CS 512

Syllabus – This is the course syllabus. It contains important course information from including things like grading and contact policies.
SQL and Relational Databases – This module will introduce the concept of relational databases and the basics of SQL. While not the newest or shiniest database engine around a great deal of query syntax derives from SQL and a huge number of applications use SQL databases for a backend.
Overview and Tools – This module is designed to get you up and running with the tools required for the class. It will also give you an idea of the topics that will be covered and what the general course layout will look like
Data Formats and Data Wrangling – When working we datasets you are likely to encounter many different formats of data and issues with the way data is saved. This section will give you the tools you need to start converting between formats and to clean up messy data.
Data Visualization – The basic principles and overview of tools used in data visualization.
Project Week – This week you should really make sure to get some time behind the keyboard working with your project and writing code. If you are already ahead with your project, start another harder project! Getting coding experience is critical. With only a 3 course sequence practice is really important to get these skills to stick.
Introduction to Big Data – This module kicks of the portion of the class dealing specifically with big data concepts. Thi module will go over the major concerns one must consider when working with big data.
Non-Relational Databases and Spark – This week goes over the concept of non-relational databases simply to make you aware of their existence. You need not worry too much about the actual use of them, you just need to be aware of the potential issues you can run into when working with them.

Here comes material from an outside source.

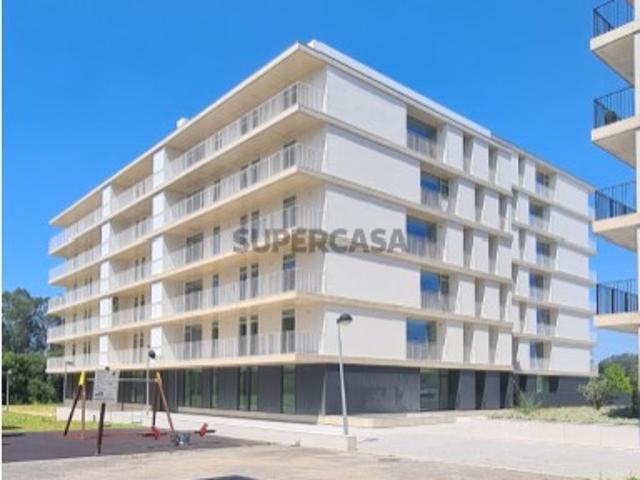 Magnifico Apartamento T3, novo, com lugar de garagem e arrumos em Leça do Bailio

We also get into the technical details of getting started with Apache Spark. This will be a multiweek process and this week is designed to get you up and running.
Spark Specifics – This module gets more into the nuts and bolts of Spark, within reason. We are still going to stay a ways away from actually configuring your own Spark server. But we will talk about reading and writing files along with partitioning data.
Spark Wrap Up – This module goes over DataFrames in Spark, they abstract a lot of the inner workings away and let us work with Spark as if it were a SQL table.
Odds and Ends at the End – This is the final week of the class. We will review what we covered in the class and talk about a couple additional topics of interest.